The role of an adult. What mistakes in education are made by parents during the war

Svetlana Royz: "Children now have more hysterics, and this means that adults need more healthy care for themselves" (photo: Fizkes / Depositphotos) Many parents turn into support staff for children who are definitely not in favor of today I thought about the selfishness of children. The perception of the world of children in general is selfish - this is the norm.

I thought that on the one hand, they did not ask us "that's everything" for them and cannot thank us, because the possibility of contributions cannot be compared at all, and we cannot even count on this gratitude. I thought they could not appreciate what we do and perceive everything for granted and that they are not guilty that we were sacrificing something for them.

And on the other - I thought that if we do not appreciate ourselves, if our sacrifice (our parents will always be) too much, if we prove to ourselves every time we are good parents, if children have no feeling of responsibility for something family And in general, everything is easy to give - they do not have time to want something if we compensate for what has happened in life in our care - we will feel like used. And they will want to call them selfish zooms.

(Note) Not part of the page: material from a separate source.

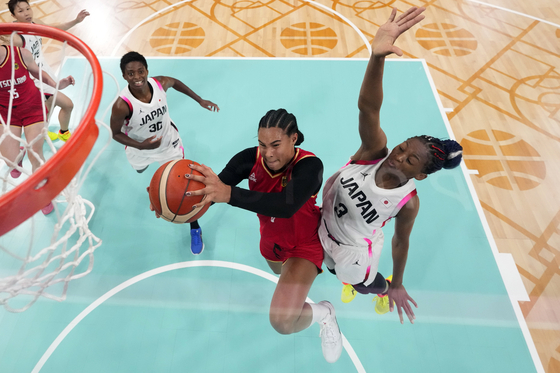 Germany's Satou Sabally, center, shoots as Japan's Stephanie Mawuli, right, defends and Japan's Evelyn Mawuli watches in a women's basketball game at the Paris Olympics on Thursday in Villeneuve-d'Ascq, France. [AP/YONHAP]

We can feel guilty for failing to protect the world of their carefree childhood. I repeat myself and other parents so often - we are not guilty of this war. We did and do everything we can, yes - for the sake of children. Wherever we are, whatever decisions are made. For love for them, I now teach myself to take the best piece of fruit, a flat piece of chocolate, to choose the most convenient place, to do something for myself.

Clear and even tougher to tell children: "No! So you can't! ” I notice how many parents (and I too) turn into staff for children. And this is definitely not in favor of them. Our children, even in the war, living in other people's homes and cities, remembering the sounds of explosions, even more need us - great and majestic. Because we must be even stronger. They now have more hysterics, more complex emotional manifestations.

And that means that we, adults, next to them need more strength, healthy care of ourselves (wanted to write "selfishness"), we need to invest in ourselves no less than we give children, because we need volume, so that then be those that can give. And they need to know that they are children near adults. I have returned the role of an adult in the last days. And the more I want to accuse someone of selfishness, the more I start investing in myself.